On Monday, President Obama signed bipartisan legislation to increase the federal focus on the harmful algal blooms plaguing the Great Lakes and U.S. ocean waters. But progress in understanding HABs is already underway, thanks to an ongoing collaboration between two federal agencies.
Researchers from NASA and NOAA have been working together to improve monitoring of HABs, which pose significant threats to humans and wildlife as they form, spread, and disappear. Specifically, HABs often contain microcystin, which has been linked to serious liver damage, some forms of cancer, and skin irritation. The toxin also can cause mass deaths of fish and harm those who consume them as well as kill dogs swimming in infected water.
Early HAB detection allows public health officials to prevent contaminated drinking water and fish to enter the market as well as to close lakeshore recreational areas. Since the Great Lakes provide drinking water for 40 million people and more than 500 beaches, this is a vital issue.
Finding a “Fingerprint”
The experts who have been tackling the HAB issue are based at NASA’s Glenn Research Center in Cleveland and NOAA’s Great Lakes Environmental Research Laboratory in Ann Arbor. Their goal is to use remote sensing techniques — rather than time-consuming and expensive water sampling — to detect the early formation of a HAB, distinguishing it from a regular, non-harmful algal bloom.

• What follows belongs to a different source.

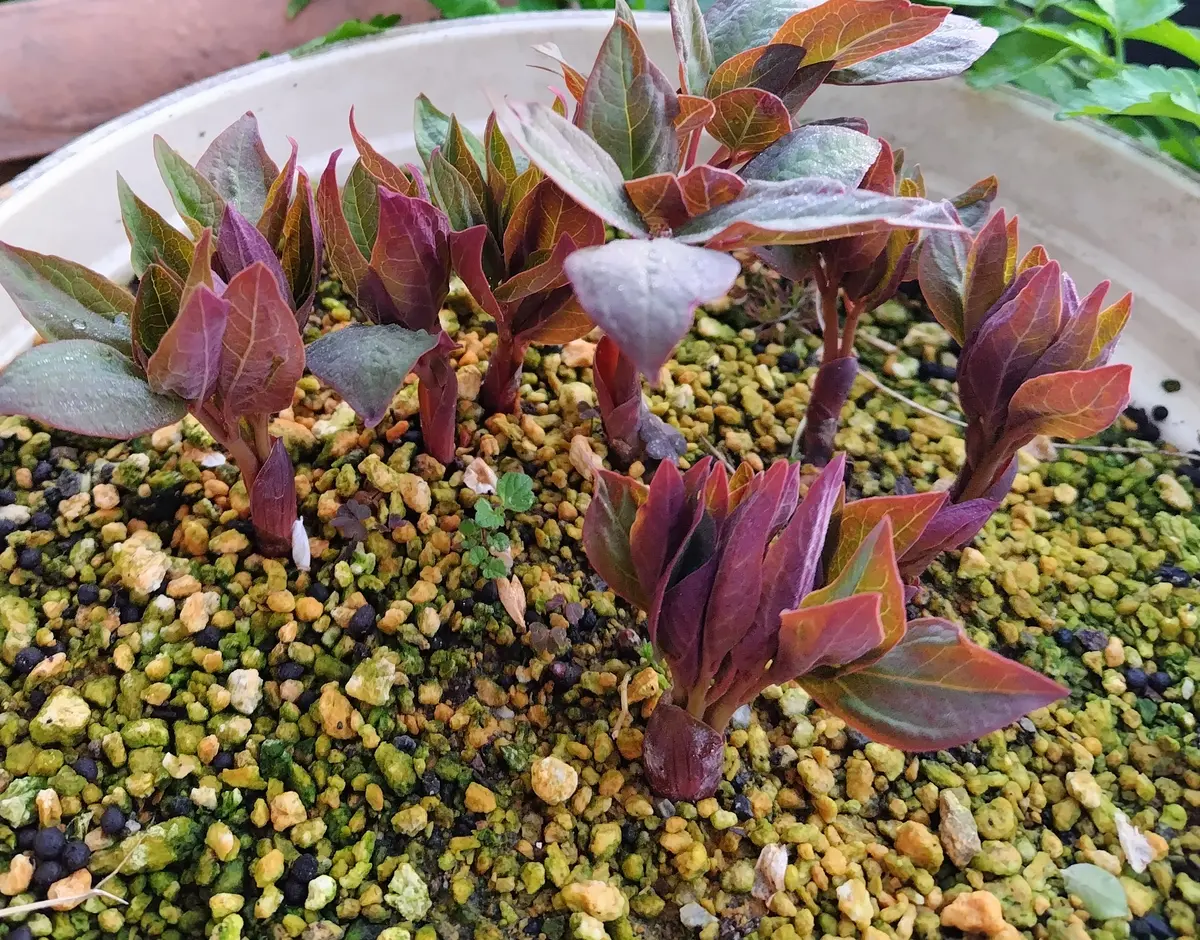 山芍薬の赤い芽が開きました｜園芸日記byjictenko｜みんなの趣味の園芸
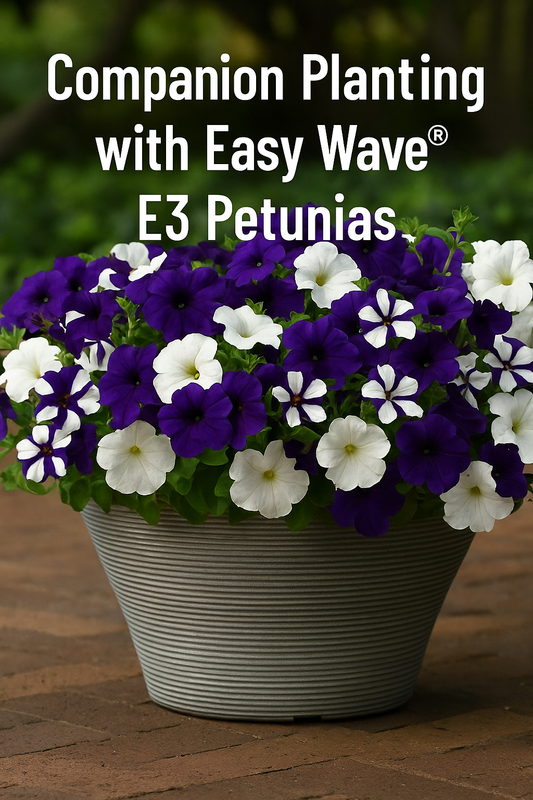 Easy Wave® E3 Petunias in vibrant mixed colors, perfect for companion planting with marigolds, alyssum, sunflowers, herbs, and more in hanging baskets or garden beds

To achieve this goal, the team wanted to identify microcystin’s unique hyperspectral signature — essentially a visual fingerprint.
Their work has been a true collaborative effort:
- NASA provided the optics researchers that developed an innovative hyperspectral imager for aerial observations of the lakes as well as the aircraft, coordinating with other research flights for efficient use of research dollars and flight personnel time.
- NOAA contributed its in-depth understanding of the Great Lakes’ biological processes and its water vessel fleet and experience with collecting water samples concurrently with NASA’s flights.
The researcher team analyzed the air- and water-based data to develop a critical algorithm for detecting microcystin. In calibrating the results, they confirmed the unique hyperspectral signature for HABs. This “fingerprint” allows scientists to identify HAB formation early and reliably through remote sensing.
Field testing will continue, with two flights over Lake Erie. The greater store of data on the Great Lakes provided by these flights eventually may help researchers understand not only when but why HAB events are occurring.